Likewise, the callgraph for compute_predicted_values() (renamed as compute_pred_vals()) is illustrated below. We plan to map these functions into the suitable component within the logical view presented earlier.
Folder structure
The directory structure of your new project looks like this:
├── LICENSE
├── Makefile <- Makefile with commands like `make data` or `make train`
├── README.md <- The top-level README for developers using this project.
├── data
│ ├── external <- Data from third party sources.
│ ├── interim <- Intermediate data that has been transformed.
│ ├── processed <- The final, canonical data sets for modeling.

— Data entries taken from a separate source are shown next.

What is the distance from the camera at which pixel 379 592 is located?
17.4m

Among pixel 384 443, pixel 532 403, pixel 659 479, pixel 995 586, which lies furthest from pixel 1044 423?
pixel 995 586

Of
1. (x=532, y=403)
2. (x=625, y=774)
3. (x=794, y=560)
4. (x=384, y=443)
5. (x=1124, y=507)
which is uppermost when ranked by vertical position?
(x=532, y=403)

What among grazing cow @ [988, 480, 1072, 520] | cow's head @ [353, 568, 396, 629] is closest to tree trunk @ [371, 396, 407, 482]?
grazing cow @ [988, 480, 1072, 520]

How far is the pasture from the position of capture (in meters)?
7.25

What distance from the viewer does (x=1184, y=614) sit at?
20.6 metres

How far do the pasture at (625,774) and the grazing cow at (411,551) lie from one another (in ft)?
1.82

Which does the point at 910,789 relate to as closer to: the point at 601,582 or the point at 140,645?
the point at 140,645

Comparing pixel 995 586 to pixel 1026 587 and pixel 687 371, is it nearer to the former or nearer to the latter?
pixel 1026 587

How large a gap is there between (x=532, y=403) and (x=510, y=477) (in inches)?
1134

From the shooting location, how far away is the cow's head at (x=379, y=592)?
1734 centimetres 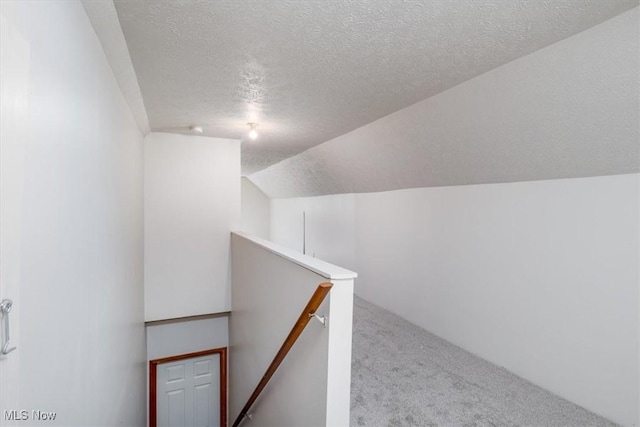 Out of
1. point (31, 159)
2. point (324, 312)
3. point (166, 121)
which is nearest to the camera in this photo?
point (31, 159)

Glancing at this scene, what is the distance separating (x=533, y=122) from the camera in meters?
2.01

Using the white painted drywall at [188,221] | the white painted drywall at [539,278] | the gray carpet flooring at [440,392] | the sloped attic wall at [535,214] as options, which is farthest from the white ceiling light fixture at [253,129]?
the gray carpet flooring at [440,392]

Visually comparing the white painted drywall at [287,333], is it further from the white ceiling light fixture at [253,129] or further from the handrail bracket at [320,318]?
the white ceiling light fixture at [253,129]

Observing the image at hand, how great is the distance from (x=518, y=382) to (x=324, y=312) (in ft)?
5.98

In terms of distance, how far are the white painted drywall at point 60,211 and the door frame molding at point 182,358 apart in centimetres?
223

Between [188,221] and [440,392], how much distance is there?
312 centimetres

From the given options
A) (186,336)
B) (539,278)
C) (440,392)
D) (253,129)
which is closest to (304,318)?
(440,392)

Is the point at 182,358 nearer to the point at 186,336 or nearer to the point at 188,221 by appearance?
the point at 186,336

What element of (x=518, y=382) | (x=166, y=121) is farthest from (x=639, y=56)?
(x=166, y=121)

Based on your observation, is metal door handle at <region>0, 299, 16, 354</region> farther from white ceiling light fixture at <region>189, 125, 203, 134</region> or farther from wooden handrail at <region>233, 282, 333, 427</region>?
white ceiling light fixture at <region>189, 125, 203, 134</region>

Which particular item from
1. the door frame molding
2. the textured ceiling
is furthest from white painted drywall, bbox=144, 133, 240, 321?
the textured ceiling

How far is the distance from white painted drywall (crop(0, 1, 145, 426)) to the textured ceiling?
0.34 m

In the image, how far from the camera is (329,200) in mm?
5465

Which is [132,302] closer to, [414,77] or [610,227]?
[414,77] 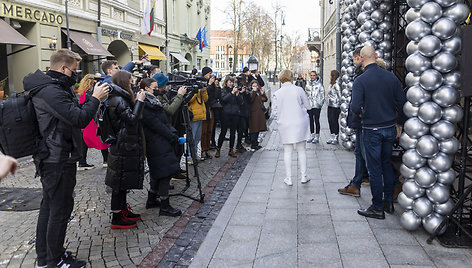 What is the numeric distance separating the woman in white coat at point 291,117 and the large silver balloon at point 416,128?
2426 millimetres

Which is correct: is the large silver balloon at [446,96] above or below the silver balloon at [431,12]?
below

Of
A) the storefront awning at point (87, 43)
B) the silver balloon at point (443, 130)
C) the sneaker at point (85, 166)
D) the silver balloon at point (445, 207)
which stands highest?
the storefront awning at point (87, 43)

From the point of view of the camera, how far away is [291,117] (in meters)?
6.78

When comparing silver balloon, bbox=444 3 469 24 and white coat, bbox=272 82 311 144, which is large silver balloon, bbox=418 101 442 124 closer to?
silver balloon, bbox=444 3 469 24

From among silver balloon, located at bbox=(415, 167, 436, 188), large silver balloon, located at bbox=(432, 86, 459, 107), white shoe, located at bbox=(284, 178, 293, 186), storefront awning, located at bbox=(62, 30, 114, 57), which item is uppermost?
storefront awning, located at bbox=(62, 30, 114, 57)

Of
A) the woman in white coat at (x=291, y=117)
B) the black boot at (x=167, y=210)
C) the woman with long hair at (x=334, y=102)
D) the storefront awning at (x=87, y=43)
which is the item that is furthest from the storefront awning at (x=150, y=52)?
the black boot at (x=167, y=210)

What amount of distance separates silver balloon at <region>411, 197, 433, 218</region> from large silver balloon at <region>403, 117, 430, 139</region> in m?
0.69

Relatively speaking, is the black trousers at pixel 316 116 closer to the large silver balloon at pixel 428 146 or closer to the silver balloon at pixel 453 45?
the large silver balloon at pixel 428 146

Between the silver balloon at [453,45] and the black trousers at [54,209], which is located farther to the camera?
the silver balloon at [453,45]

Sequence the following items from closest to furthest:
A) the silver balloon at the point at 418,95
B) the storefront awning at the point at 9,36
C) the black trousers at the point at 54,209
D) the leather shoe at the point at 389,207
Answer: the black trousers at the point at 54,209 < the silver balloon at the point at 418,95 < the leather shoe at the point at 389,207 < the storefront awning at the point at 9,36

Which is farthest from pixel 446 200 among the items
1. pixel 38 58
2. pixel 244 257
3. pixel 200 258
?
pixel 38 58

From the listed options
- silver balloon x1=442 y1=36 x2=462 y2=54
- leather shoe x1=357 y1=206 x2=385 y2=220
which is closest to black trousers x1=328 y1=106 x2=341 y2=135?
leather shoe x1=357 y1=206 x2=385 y2=220

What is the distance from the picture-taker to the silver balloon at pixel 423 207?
4375 mm

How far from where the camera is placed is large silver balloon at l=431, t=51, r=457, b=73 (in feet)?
13.7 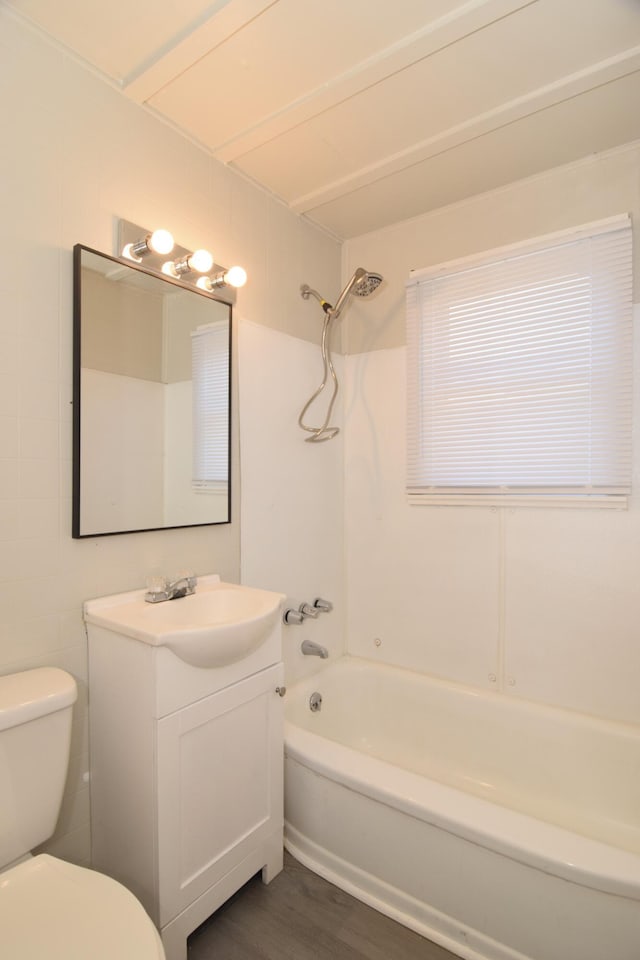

│ └── raw <- The original, immutable data dump.
│
├── docs <- A default Sphinx project; see sphinx-doc.org for details
│
├── models <- Trained and serialized models, model predictions, or model summaries
│
├── notebooks <- Jupyter notebooks. Naming convention is a number (for ordering),
│ the creator's initials, and a short `-` delimited description, e.g.
│ `1.0-jqp-initial-data-exploration`.
│
├── references <- Data dictionaries, manuals, and all other explanatory materials.
│
├── reports <- Generated analysis as HTML, PDF, LaTeX, etc.
│ └── figures <- Generated graphics and figures to be used in reporting
│
├── requirements.txt <- The requirements file for reproducing the analysis environment, e.g.
│ generated with `pip freeze > requirements.txt`
│
├── setup.py <- Make this project pip installable with `pip install -e`
├── src <- Source code for use in this project.
│ ├── __init__.py <- Makes src a Python module
│ │
│ ├── data <- Scripts to download or generate data
│ │ └── make_dataset.py
│ │
│ ├── features <- Scripts to turn raw data into features for modeling
│ │ └── build_features.py
│ │
│ ├── models <- Scripts to train models and then use trained models to make
│ │ │ predictions
│ │ ├── predict_model.py
│ │ └── train_model.py
│ │
│ └── visualization <- Scripts to create exploratory and results oriented visualizations
│ └── visualize.py
│
└── tox.ini <- tox file with settings for running tox; see tox.readthedocs.io
Test Phases Management
Unit tests
PyTest is a framework to improve testing productivity. The test are written in Python language, they are easy and scalable.
Feature Tests
One or multiple unit tests can be used to test the functionality of a component.
Integration Tests
To test multiple components of the software or to perform end-to-end testing to ensure that the software is working.
Performance Tests
We will perform performance tests to measure the efficiency of a piece of code. The size of the code may range from a single method to the whole software.
Problem Resolution
We will use GitHub’s issue tracking to handle all feature requests, change requests, inquiries, questions as well as to report bugs. Using GitHub’s tracking feature, issues will be opened when a matter is raised. GitHub allows us to create custom categories to easily classify our issues. This will allow us to filter through the different requests, inquiries and/or bugs. We will also be able to assign issues to different individuals based on who is more qualified to handle the given issue. Comments can be left on issues, allowing for discussion and problem solving among other team members, as well as status updates on the given issue. Finally, once an issue is resolved, the issue can be closed, allowing us to easily track which issues remain.